After reading the entries below, copy word for word the lines from the first through the line containing "属相不合八字不合怎么办", and stop there.

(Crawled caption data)
<<<<
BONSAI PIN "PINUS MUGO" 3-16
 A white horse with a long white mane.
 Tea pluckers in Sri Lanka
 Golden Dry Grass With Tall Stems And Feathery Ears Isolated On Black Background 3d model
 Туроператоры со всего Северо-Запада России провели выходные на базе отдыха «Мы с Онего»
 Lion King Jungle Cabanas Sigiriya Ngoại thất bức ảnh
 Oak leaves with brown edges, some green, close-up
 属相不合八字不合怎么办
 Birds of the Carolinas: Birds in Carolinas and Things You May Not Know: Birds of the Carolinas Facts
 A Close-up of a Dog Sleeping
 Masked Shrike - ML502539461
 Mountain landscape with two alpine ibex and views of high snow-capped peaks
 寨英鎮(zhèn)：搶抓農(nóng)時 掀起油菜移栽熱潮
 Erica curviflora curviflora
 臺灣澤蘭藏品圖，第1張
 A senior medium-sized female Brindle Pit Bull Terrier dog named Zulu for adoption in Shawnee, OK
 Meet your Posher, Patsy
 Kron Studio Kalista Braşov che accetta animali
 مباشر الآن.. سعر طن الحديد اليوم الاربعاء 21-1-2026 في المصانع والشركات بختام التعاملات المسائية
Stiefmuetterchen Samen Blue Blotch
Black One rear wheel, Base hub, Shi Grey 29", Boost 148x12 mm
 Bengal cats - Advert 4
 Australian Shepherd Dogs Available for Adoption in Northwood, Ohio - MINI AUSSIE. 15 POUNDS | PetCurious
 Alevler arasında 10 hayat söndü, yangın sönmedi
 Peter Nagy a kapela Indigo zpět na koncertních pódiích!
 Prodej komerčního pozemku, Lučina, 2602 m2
>>>>
## RESULT FOR THIS EXERCISE
BONSAI PIN "PINUS MUGO" 3-16
 A white horse with a long white mane.
 Tea pluckers in Sri Lanka
 Golden Dry Grass With Tall Stems And Feathery Ears Isolated On Black Background 3d model
 Туроператоры со всего Северо-Запада России провели выходные на базе отдыха «Мы с Онего»
 Lion King Jungle Cabanas Sigiriya Ngoại thất bức ảnh
 Oak leaves with brown edges, some green, close-up
 属相不合八字不合怎么办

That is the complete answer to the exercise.